De Commissie doet eerbiedig het volgende zeggen:

I. Samenvatting van het geschil

1.1. Essentie

De Raad van Beroep wenst in essentie te vernemen of het beginsel van
gelijke behandeling van mannen en vrouwen zoals neergelegd in art. 4, lid 1
van Richtlijn nr. 79/7 zich verzet tegen toepassing van een nationale regeling
(in casu: de Nederlandse Algemene Ouderdomswet) welke ertoe strekt aan
pensioengerechtigden, die een jongere partner te hunnen lasten hebben, in
aanvulling op een pensioen, dat een sociaal minimum garandeert, een toeslag
ten behoeve van hun partner, die voor laatstgenoemde evenzeer een sociaal
minimum garandeert, toe te kennen, waarvan de hoogte in beginsel wel van het
inkomen van de partner, doch niet van dat van de pensioengerechtigde
afhankelijk is, indien deze regeling tot gevolg heeft dat een aanzienlijk
groter aantal mannen dan vrouwen als pensioengerechtigden op een dergelijke
toeslag een aanspraak kunnen doen gelden.

1.2. Relevante Nederlandse wetgeving

De Nederlandse Algemene Ouderdomswet (AOW) is reeds verschillende malen
het voorwerp van prejudiciele procedures geweest.
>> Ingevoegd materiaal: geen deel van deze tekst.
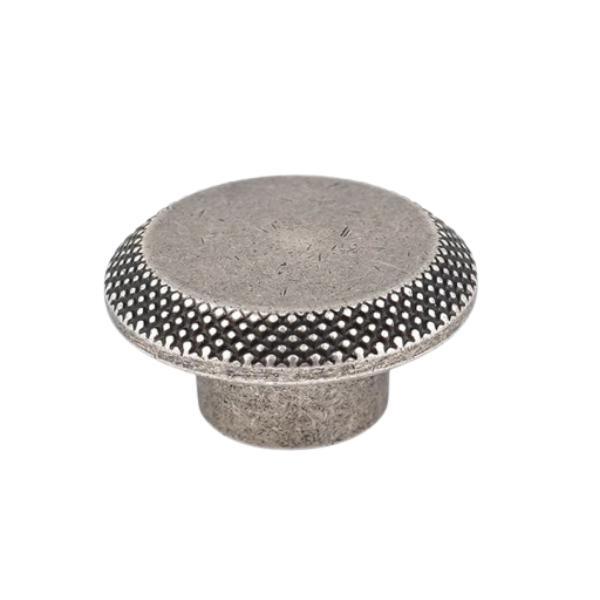 Buton pentru mobila Nola, finisaj argint antichizat CB, Ø:45 mm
Voor een recent voorbeeld
zij verwezen naar ’s Hofs uitspraak in de zaak C-87/90 Verholen (arrest van 11
juli 1991, nog niet gepubliceerd). Krachtens de AOW is in Nederland iedere
ingezetene, ook degene die geen deel uitmaakt van de actieve beroepsbevolking,
verplicht verzekerd. Zij wordt daarom een volksverzekering genoemd.
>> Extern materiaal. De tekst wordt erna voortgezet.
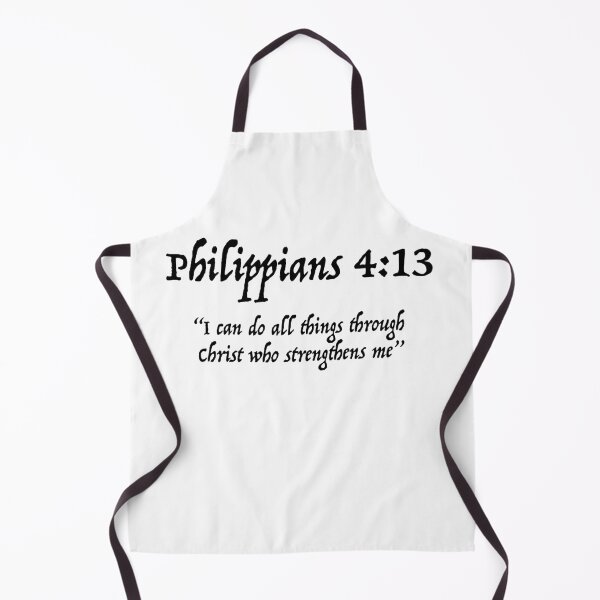 Item preview, Bible Verse Philippians 4:13 KJV designed and sold by GuyBlank.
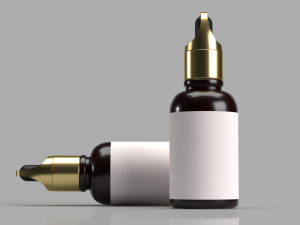 Custom dropper Bottle 3D 3Dモデル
Per 1 april is de AOW aangepast aan de derde richtlijn gelijke
behandeling. Voor die datum had de gehuwde vrouw geen zelfstandig recht op een
ouderdomspensioen. Daarentegen had de gehuwde man die de leeftijd van 65 jaar
had bereikt, recht op een gehuwdenpensioen. Het ouderdomspensioen werd
berekend door op het volledige pensioenbedrag een korting toe te passen van 1
procent voor elk kalenderjaar dat een van de echtgenoten niet verzekerd was.
Gehuwde vrouwen, wier echtgenoot buiten Nederland werkte en uit dien hoofde
niet krachtens de AOW verzekerd was, waren zelf evenmin verzekerd, zelfs als
zij in Nederland waren blijven wonen. De gevolgen van deze regeling, zoals die
zich ook na 23 december 1984 deden gevoelen, werden in het eerder vermelde
arrest Verholen onverenigbaar met art. 4, lid 1, van Richtlijn 79/7
verklaard.

Sedert 1 april 1985 is er sprake van toenemende verzelfstandiging van
het recht op pensioen. Bij het bereiken van de pensioengerechtigde leeftijd
worden de rechten van de gehuwde man en de gehuwde vrouw individueel
beoordeeld. De gehuwde vrouw krijgt op dat moment een eigen pensioen. De
pensioengerechtigde, van wie de partner nog geen 65 jaar is, heeft recht op
een toeslag. Tot 1 april 1988 werd die toeslag toegekend onafhankelijk van het
inkomen van deze partner. Op de toeslag wordt een korting toegepast van 2
procent voor ieder tijdvak dat de partner van de pensioengerechtigde niet
verzekerd is geweest. Wanneer de partner 65 jaar wordt, vervalt de toeslag.
Het totale bedrag van het Nederlandse pensioen dat de partners vanaf dat
tijdstip gezamenlijk ontvangen, blijft dan gelijk. In feite kan het huidige
Nederlandse stelsel als een combinatie van twee verschillende stelsels worden
beschouwd: in de eerste fase (voordat de partner de 65-jarige leeftijd heeft
bereikt) ontvangt de pensioengerechtigde een toeslag voor gehuwden; in de
tweede fase (nadat de partner de 65-jarige leeftijd heeft bereikt) wordt deze
toeslag ingetrokken en vervangen door een eigen pensioen van de partner. Zoals
hiervoor reeds werd vermeld blijft het totale bedrag van het pensioen gelijk.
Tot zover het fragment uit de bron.